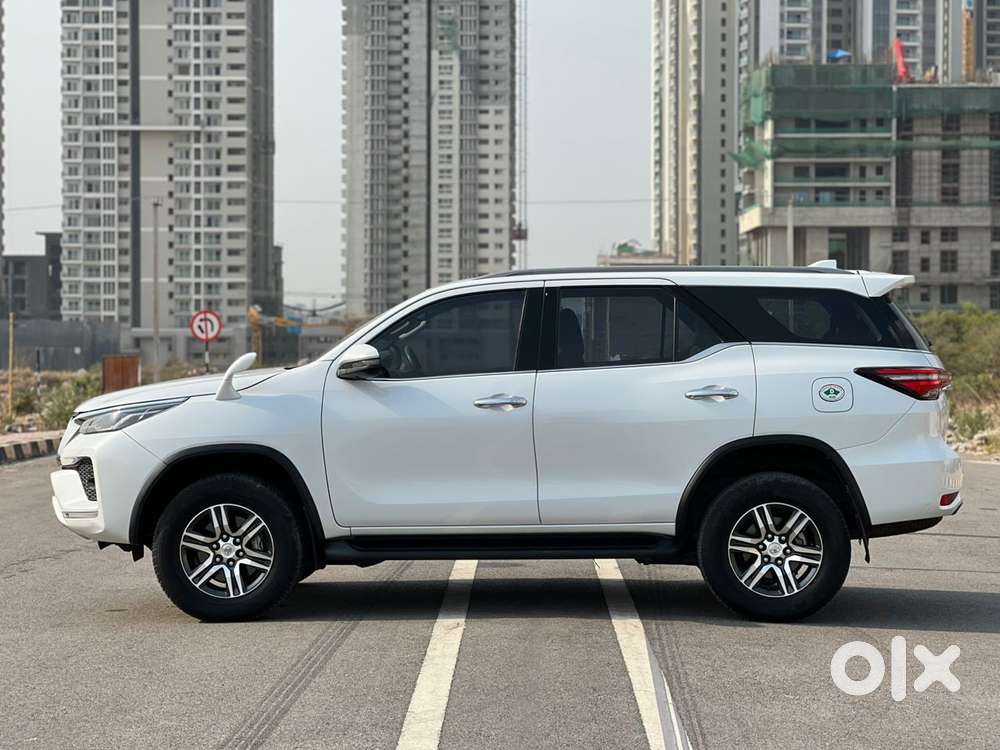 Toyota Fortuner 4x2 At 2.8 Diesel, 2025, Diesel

# # #

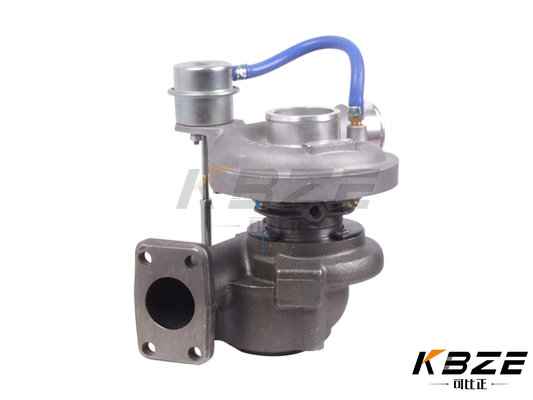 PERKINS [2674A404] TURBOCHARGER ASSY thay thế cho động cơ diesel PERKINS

# # #

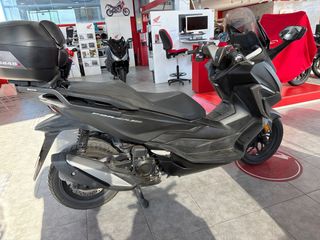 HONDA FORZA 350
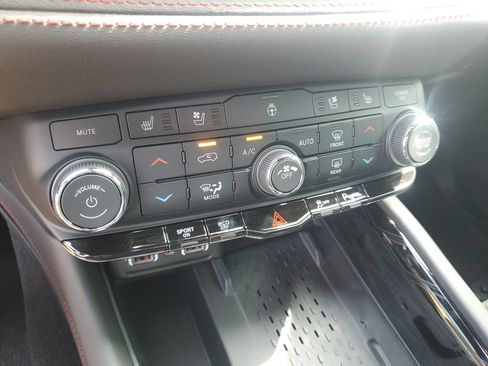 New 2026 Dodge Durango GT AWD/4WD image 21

# # #

In the entries above, find the line containing "HONDA FORZA 350" and the line containing "New 2026 Dodge Durango GT AWD/4WD image 21"; give again exactly those two lines and every line between them, minus the pictures.

(RESPONSE FOR THIS EXERCISE):
 HONDA FORZA 350
 New 2026 Dodge Durango GT AWD/4WD image 21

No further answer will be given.